L’entomophagie remonte à plusieurs milliers d’années [1]. Ce n’est pas étonnant étant donné que les insectes sont une source de nourriture facilement disponible, riche en protéines et en nutriments essentiels. Ils sont généralement faciles à trouver, surtout pour des humains capables d’utiliser des outils.

Aujourd’hui, l’entomophagie est pratiquée dans de nombreuses régions du monde, notamment en Asie, en Afrique, en Amérique latine et en Océanie. Certaines espèces d’insectes sont même considérées comme des mets de choix dans ces régions, et sont souvent consommées grillées, frites, ou encore cuisinées dans des plats traditionnels.

Avantages de l’entomophagie

L’entomophagie présente plusieurs avantages par rapport à la consommation de viande traditionnelle.
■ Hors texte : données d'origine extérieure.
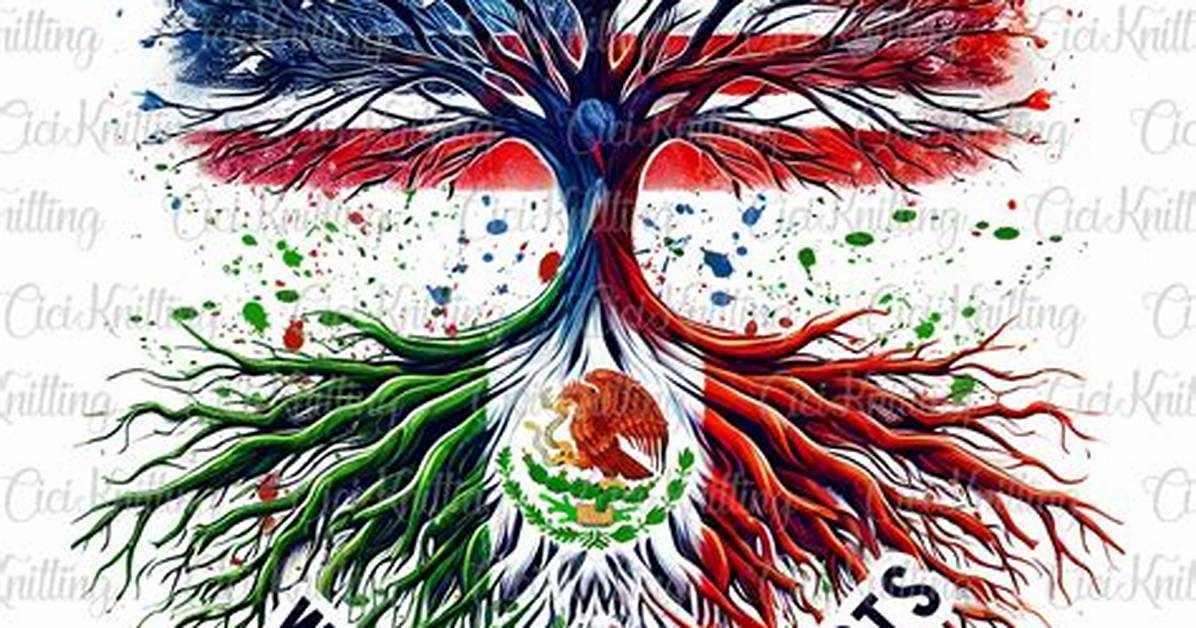 Mario Bautista's Mexican and Spanish Roots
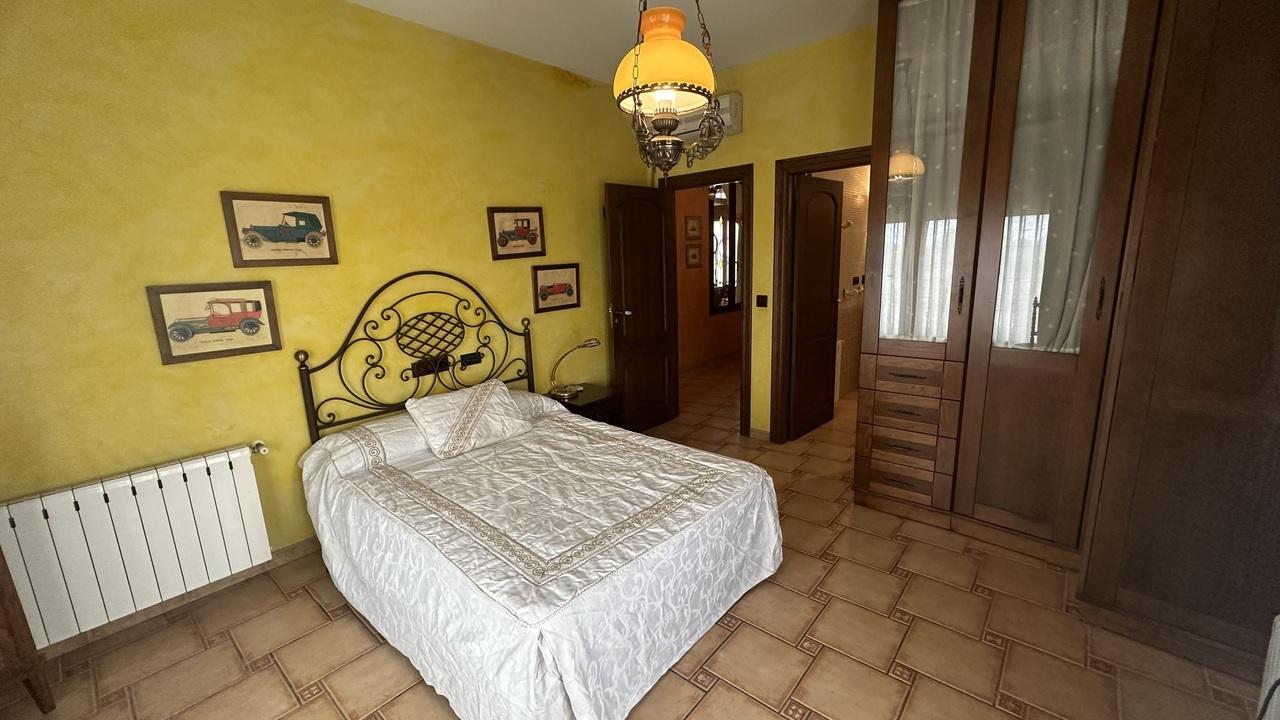 Casa en Venta en San Miguel de Salinas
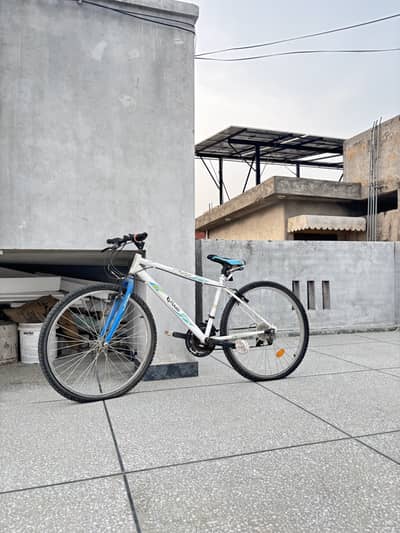 Cycle for sale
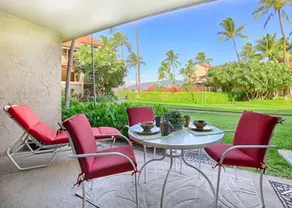 Well equipped ground floor with AC, Oceanside - Image 2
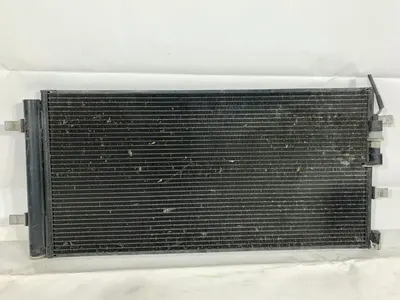 Radiator ac 8K0260401H Audi A4 (2007-2011) [8K2, B8] 2.0 tdi 2.0 tfsi caga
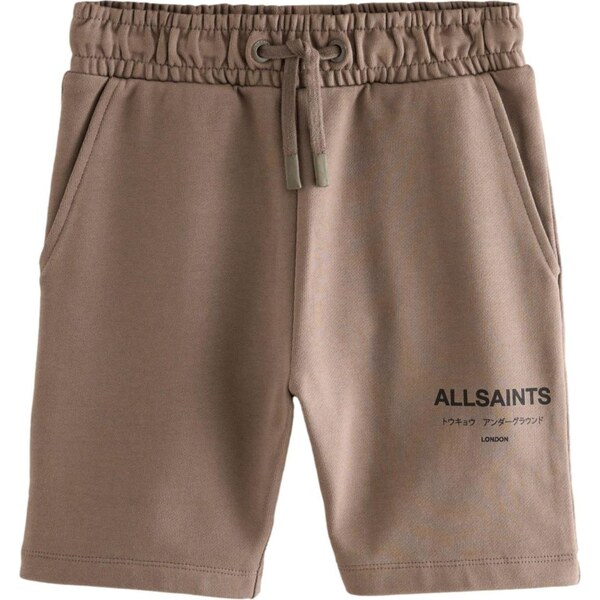 smALLSAINTS Nohavice hnedá 67183921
Tout d’abord, les insectes sont une source de protéines de haute qualité. En fait, certains insectes contiennent jusqu’à 80% de protéines, ce qui en fait une alternative viable à la viande.

La consommation d’insectes peut être bénéfique d’un point de vue environnemental, car elle est souvent considérée comme une alternative plus durable et écologique aux protéines animales traditionnelles. Les insectes nécessitent moins d’eau, d’aliments et d’espace pour leur élevage que les animaux d’élevage traditionnels tels que les bovins, les porcs ou les poulets. De plus, les insectes produisent moins de gaz à effet de serre et génèrent moins de déchets que les animaux d’élevage.

L’entomophagie peut également être considérée comme une alternative plus durable à la viande traditionnelle, car elle produit moins de gaz à effet de serre et nécessite moins de ressources naturelles pour être produite.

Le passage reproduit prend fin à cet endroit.